Provided material section start
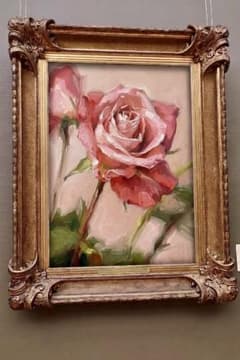 【期間限定300円OFF】油絵風 アートポスター 薔薇 花束 インテリア 絵画のサムネイル
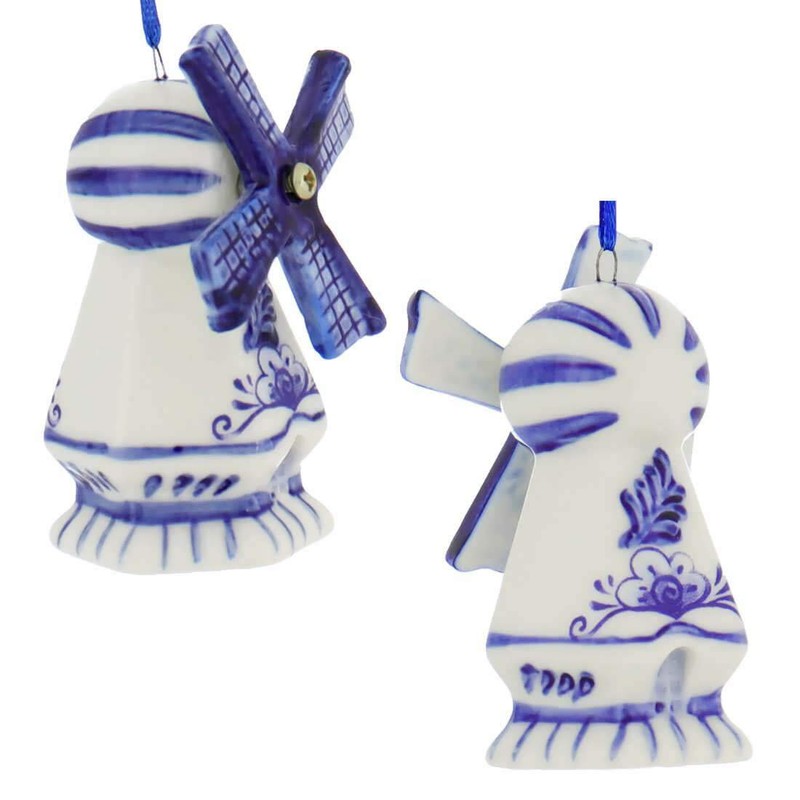 Kurt Adler Porcelain Delft Blue Windmill Ornament Set Of 3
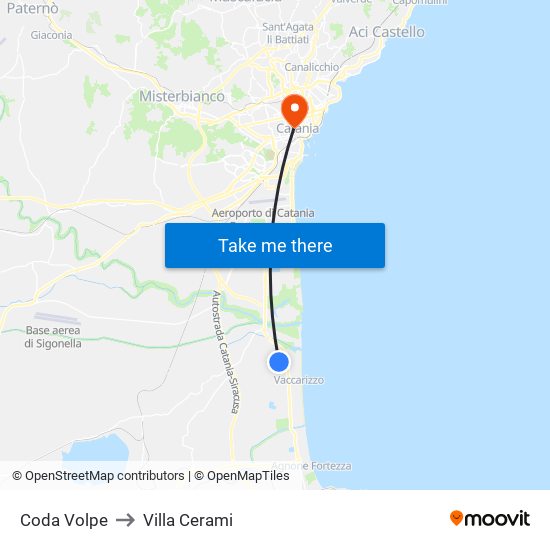 Coda Volpe to Villa Cerami map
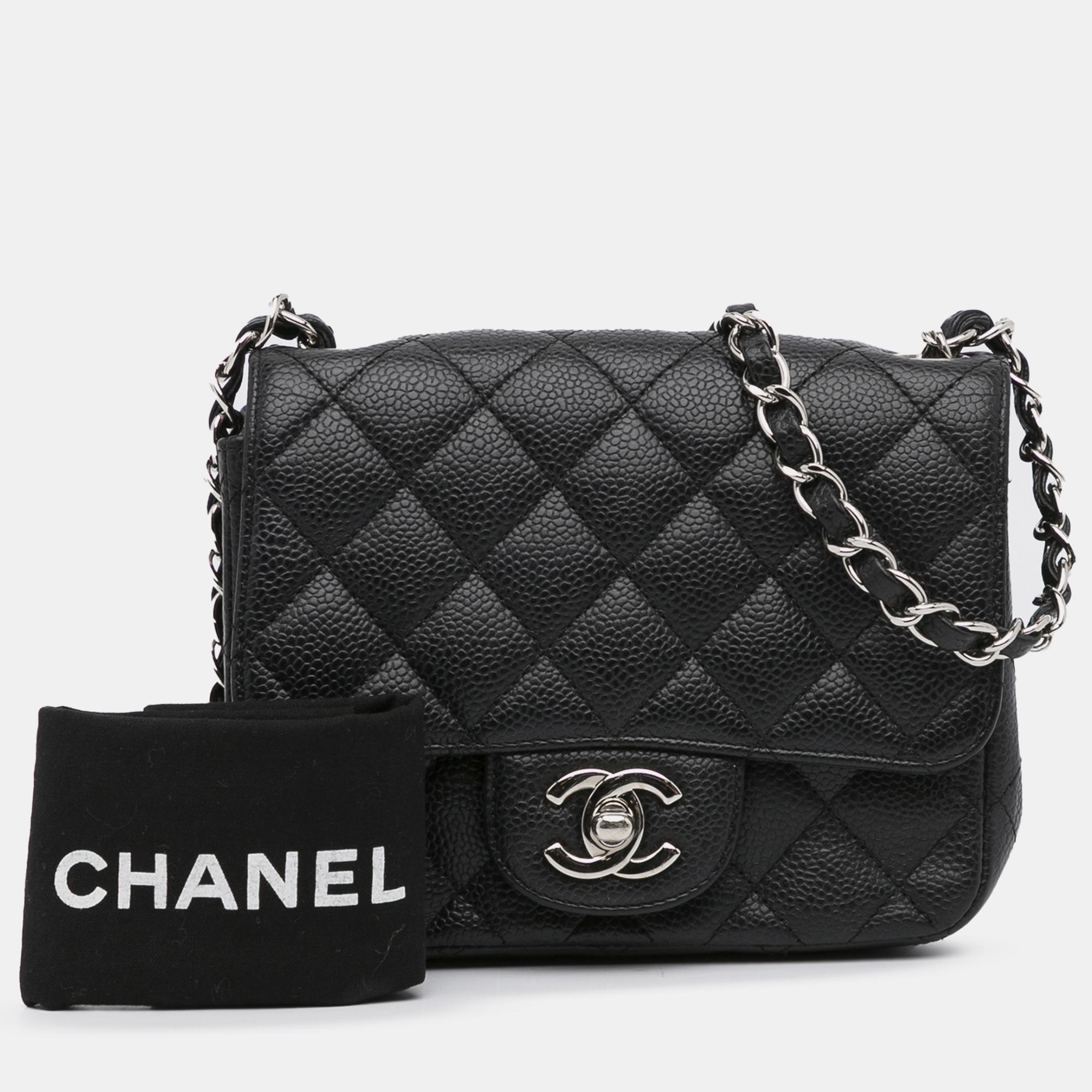 Chanel Mini Classic Square Caviar Leather Flap Bag Chanel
Provided material section end
(Exercise objective) With the pictures left out, write out all of the data exactly.

(Result of the task)
 【期間限定300円OFF】油絵風 アートポスター 薔薇 花束 インテリア 絵画のサムネイル
 Kurt Adler Porcelain Delft Blue Windmill Ornament Set Of 3
 Coda Volpe to Villa Cerami map
 Chanel Mini Classic Square Caviar Leather Flap Bag Chanel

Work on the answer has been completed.